## What needs to be done
When you find the line with "Erkek Regular Fit" among the records below, reproduce it and each line after it exactly, ending with the line with "善良的一天 高級扁柏木方塊 枕頭填充用, 原木, 2個".

## Given entries
────────────────
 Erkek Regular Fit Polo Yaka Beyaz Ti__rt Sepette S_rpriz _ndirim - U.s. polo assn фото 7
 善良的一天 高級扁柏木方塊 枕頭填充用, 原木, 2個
────────────────
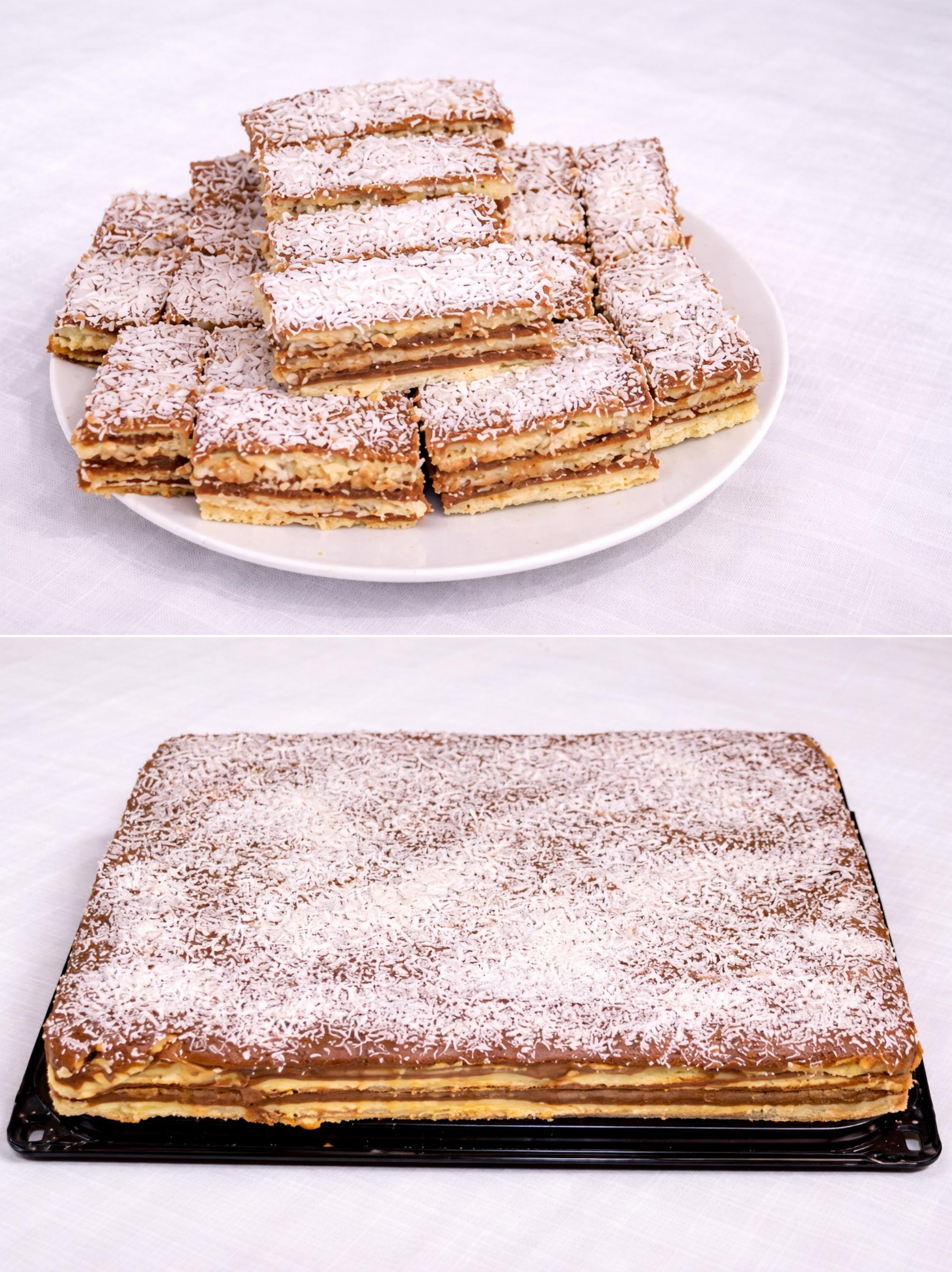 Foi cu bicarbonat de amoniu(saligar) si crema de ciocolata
────────────────
## Written reply
 Erkek Regular Fit Polo Yaka Beyaz Ti__rt Sepette S_rpriz _ndirim - U.s. polo assn фото 7
 善良的一天 高級扁柏木方塊 枕頭填充用, 原木, 2個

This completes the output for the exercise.